It appears you have not yet Signed Up with our community. To Sign Up for free, please click here....



Arthritis Message Board

  • 29 year old, unresponsive to RA meds, any ideas?

  • Post New Thread   Closed Thread
    Thread Tools Search this Thread
    Old 07-26-2012, 11:45 PM   #1
    atlantao4w
    Newbie
    (female)
     
    atlantao4w's Avatar
     
    Join Date: Jul 2012
    Location: Atlanta, GA, USA
    Posts: 2
    atlantao4w HB User
    Unhappy 29 year old, unresponsive to RA meds, any ideas?

    Hello,

    I'm new here and hope it's ok to start a new post, I've read through several categories and believe the Arthritis forum is the best place to start. Would appreciate any help anyone can offer.

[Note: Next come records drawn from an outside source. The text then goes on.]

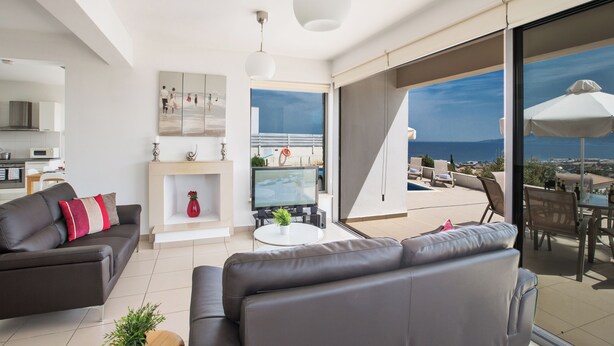 A modern living room with a sofa, a TV, and a dining area with a view of the sea. - Villa Abbie, Panoramic Sea Views (Polis)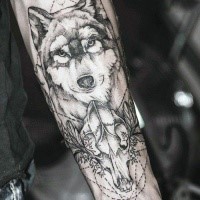 Nice dot style forearm tattoo of animal skull with wolf head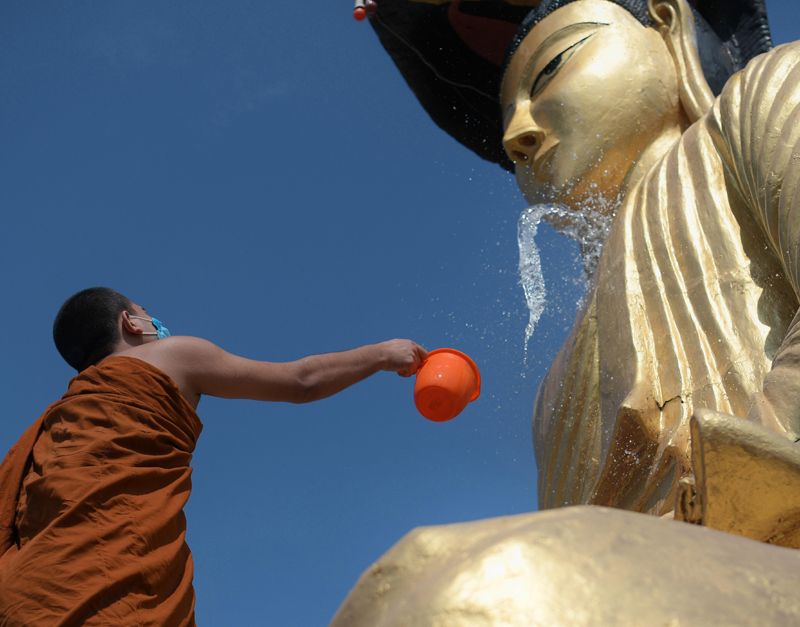 Buddhist monk cleaning statue of Lord Buddha at Agartala monastery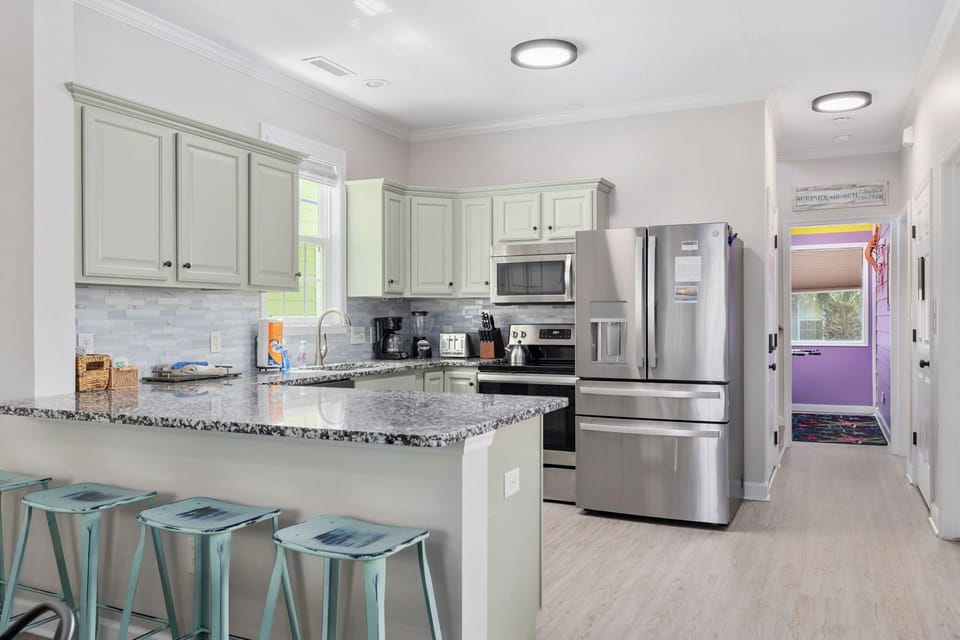 Cook at the granite peninsula with teal bar stools for the sous chefs — sage green cabinets, stainless appliances, and the arcade room visible down the hall.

    I'm a "frustrating" case as my new rheumatologist puts it. I was diagnosed with Juvenile Rheumatoid Arthritis when I was 15-16 (1999-2000). Honestly it never seemed like a huge deal, only my feet and wrist bothered me, more noticeable on some days than others. At that point my ANA was positive, not sure about Rheumatoid Factor (doctor has since retired, still trying to find out if I can access medical records). I was put on Vioxx once a day and life was good. While in college I didn't take it regularly, and wasn't regularly seeing a rheumatologist. When Vioxx was pulled off the market, I just didn't take anything and was fine.

    I started feeling run down about 3.5 years ago. In May of 2010 I finally went in to see a rheumatologist. He ran every blood test under the sun - CRP, ANA, Vitamin D, CBC, Rheumatoid Factor, and didn't see anything overwhelming in the results but some joint damage was observed in my wrists via x-ray. I was put on Plaquenil 2x a day. At that point my hands were swollen and stiff and I was just run down. After allowing the Plaquenil to build in my system I still was complaining of stiffness and malaise, and occassionally we'd see a small increase in my C-Reactive Protein levels but nothing else ever raised a red flag (Rheumatoid Factor negative, ANA negative, Vitamin D normal, red and white blodd counts normal, IGG negative). Since my bloodwork didn't seem right, and as he put it "something was going on" with the occasional C-Reactive Protein elevation, he decided to start me on Methotrexate in March of 2011. Turns out I'm highly allergic to MTX resulting in large hive patches that lasted for months after only a couple injections. Steroid injections and steroid dose packs ensued. His idea was to continue the MTX - I disagreed as I was scratching through my skin with the hives and went in search of another rheum.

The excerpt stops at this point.